There should be a scaffolding of experience and self-awareness around all of the work that we do in the theatre, but I feel it is necessary that we also return to the free-standing scabrous rubes that we all were once we are called on to offer the expression of our experiences. I want always a sense of wonder and surprise at what is found at the bottom of a  soul, and I feel that far too many actors now are in the process of acting, in the analysis of character,  the gauging of effects, and the sense of wonder of merely being who they are, doing what they do. This is not acting, but it is sadly what passes for acting in far too many venues today.  Tennessee Williams

Notes from Journal, 1982


JG: Did you enjoy the time of Seven Descents of...

TW: Kingdom of Earth!!  I do not like the title that was ultimately used, and I regret that I acquiesced to it--but, no, it was not an enjoyable time. I take a great deal of that responsibility, because I was not only in a poor state of mind, but I was frequently unable to even find solid footing in the poor and shattered state that was available to me. I was frozen, calcified mentally, physically, and psychically, pickled in alcohol that lulled me into fitful sleep, jerked awake by those ironically named pep pills, and kept sentient by whatever was thrust into my face. Enjoy? I would say no.



José [Quintero, the play's director] was not ideal, either. We were pickled together, and both entirely unaware of what we wanted to achieve. The anchor--in every sense of the word--of that production was Estelle, and I came to love her for her strength and her commitment, even as I failed--and still fail--to understand what her aims and effects are.

She tries too hard, for one thing. I am morbidly repulsed by acting I can see--or writing, for that matter. Once I see the effort, the scaffolding, the wires of the marionette, so to speak, I am entirely disenchanted: The event has all the appeal of an afternoon at the body shop, watching engines and carburetors become dismantled. Or an autopsy. 'Ah, that is where the liver resides. How interesting! Gray in color. Who knew?' Estelle's acting--much like the woman--is strikingly, corrosively intelligent, over-analyzed, over-articulated, loud, and stringent. Estelle's primary devotion is to Estelle, not to the character she is playing, with the result being--not only in Kingdom, but in everything I've seen her do--a replication of a smart, shrill, sturdy woman with the physique of a charwoman and the mind of a Seven Sisters assistant professor.

I was amazed to see that she was capable of overacting while in the process of lifting herself out of a chair. Lifting a glass. I think this is because she cannot simply do those things, but must operate through a gauze of Method bullshit, whereby all of us must watch, presumably in wonder, as she creates a biography of a brow wipe, a raised arm, an arched eyebrow. It was a strenuous performance, but far more industry than art.

I love the woman. I can think of fewer things I like more than to be in her mordantly smart company.
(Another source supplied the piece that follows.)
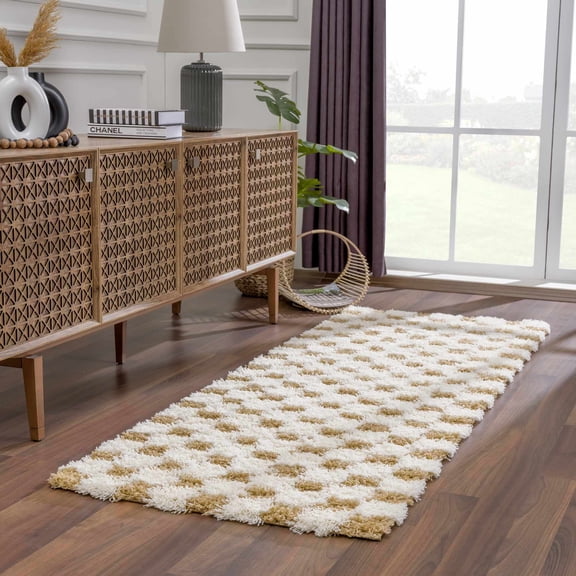Hauteloom Marshmallow Contemporary Checkered Fluffy Shag Runner Rug - Modern Geometric Carpet Tiles for Hallway, Kids Room - Plush Pile Carpet Squares - Yellow, Cream, White - 2'7" x 7'3"
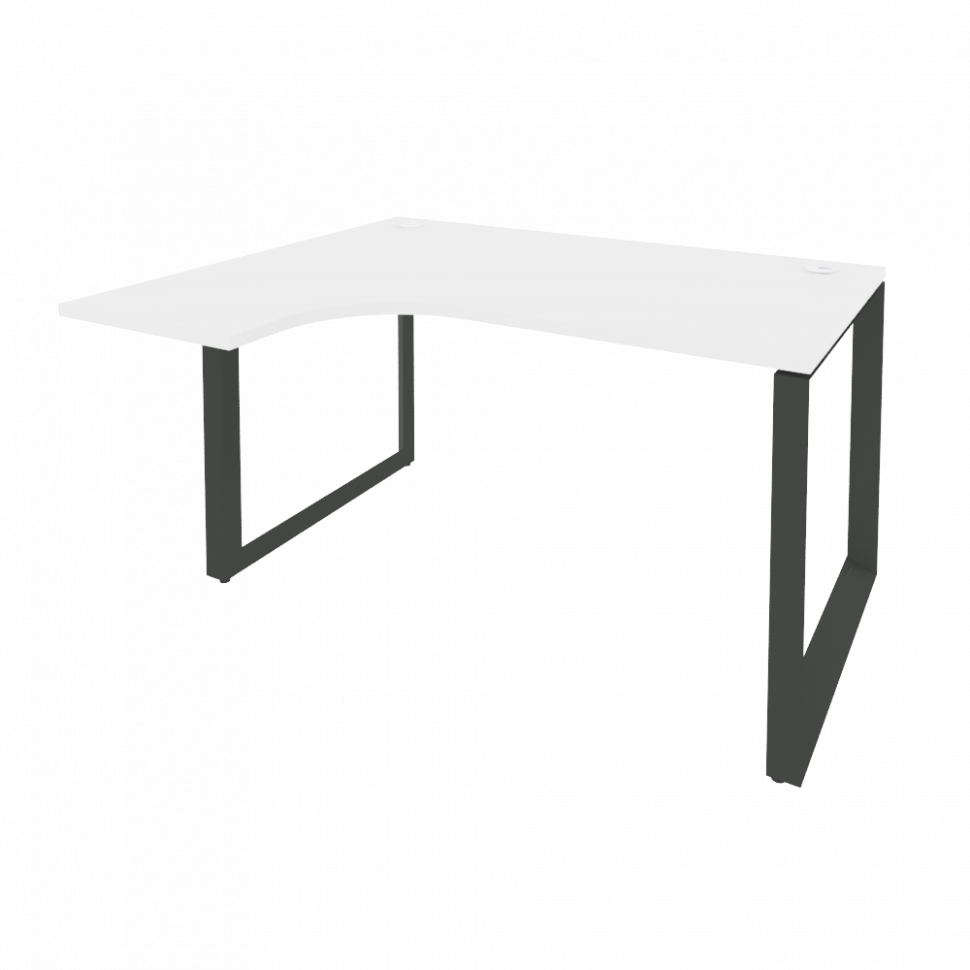 Onix Стол эргономичный левый на О-образном м/к O.MO-SA-3 (L) Белый Бриллиант/Металл Антрацит 1380*11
She reads, retains, understands, and shares everything: Her generosity insofar as her personal stock is extraordinary, but it is tiresome in application of her work, and I cannot fathom how she cannot see this, or why she wouldn't seek to alter this.

She is one of Lee's broken girls, I suppose--overly dependent on his words and ministrations, as well as those of her analyst, desperate always for a label to append to an action, a motive, a result so that she better understands it. I find her entirely free of instinct, and her generosity disappears on a stage--she is competitive and disdainful of others when she enters her arena.

I await her in later years, when both of us might have learned from our epic failures and failed intentions and dark alleys of the soul--I think then that we might find each other more charitable, open, astringently clean in our effects. With stories to tell, of course, and experience that we will finally understand needs a wise and gentle touch. I think that with time, Estelle will learn that her violent and cerebral transgressions toward texts and fellow players have cleared a field around her in which she can reflect and gather and get to work in a way that honors the craft in which she wishes to work so fervently.



I can't tell you too often that no one needs or necessarily wants what we have to offer. We are only vital when we are told that we are--when an audience gathers, is pleased, considers returning. Far too many actors need to be in the theatre, but they are not needed by the theatre. I was once needed, I think, but this is no longer true. I will either recede, or I will rise. We shall see. Estelle needs to be an actress, needs affirmation, needs applause, and there is a psychic sickness in watching actors--and there are hundreds--acting out their hungers at the expense of a play. I think this impulse is receding within Estelle, and I think she wishes to serve the art of acting almost as much as she needs it to give her a reason to draw breath. She will never provide anything other than an adventure, but one must be strong, brave, a bit reckless to take it with her.